*** Exercise data ***
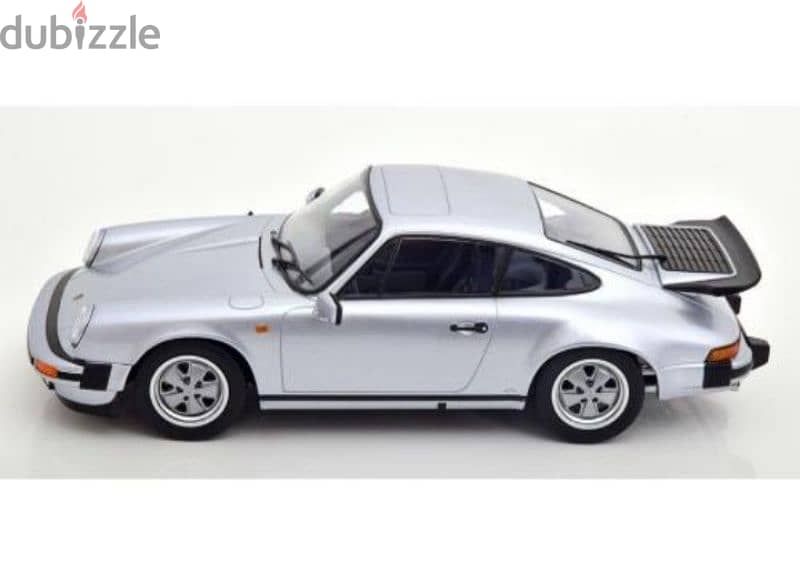 Porsche 911 Carrera 3.2 Coupe 1988 diecast car model 1;18. 1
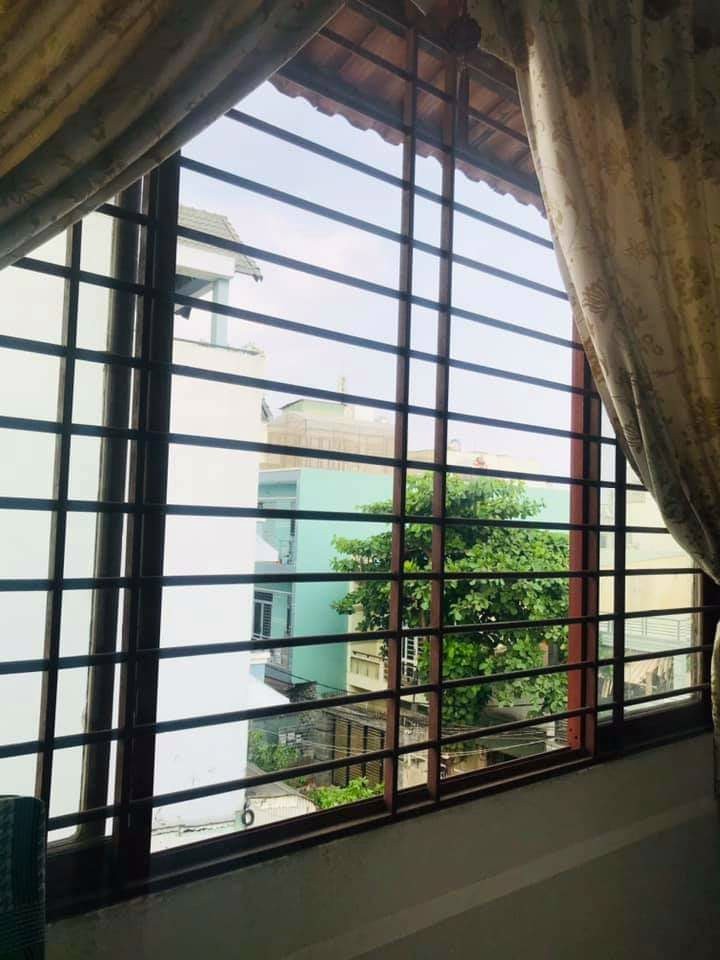 Bán Nhà MT Phan Xích Long 1 trệt 5 lầu sân thượng giá 23,9 tỷ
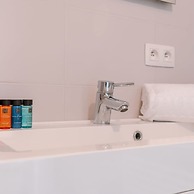 Lovely Sunny Flat Just Near the Beach and the sea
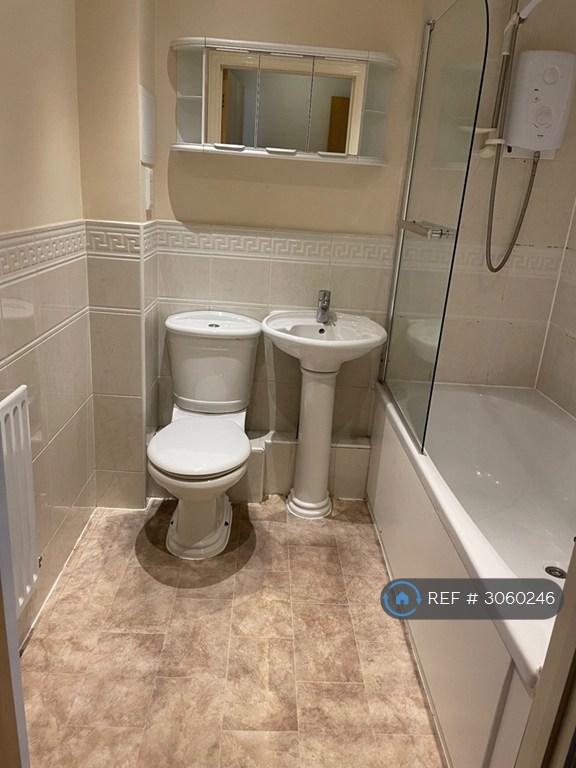 Flat Kimberley Close in Hedge End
*** End of Exercise data ***
■ **Task directions**
Every line above gets copied exactly; none of the pictures do.

■ **Expected answer**
 Porsche 911 Carrera 3.2 Coupe 1988 diecast car model 1;18. 1
 Bán Nhà MT Phan Xích Long 1 trệt 5 lầu sân thượng giá 23,9 tỷ
 Lovely Sunny Flat Just Near the Beach and the sea
 Flat Kimberley Close in Hedge End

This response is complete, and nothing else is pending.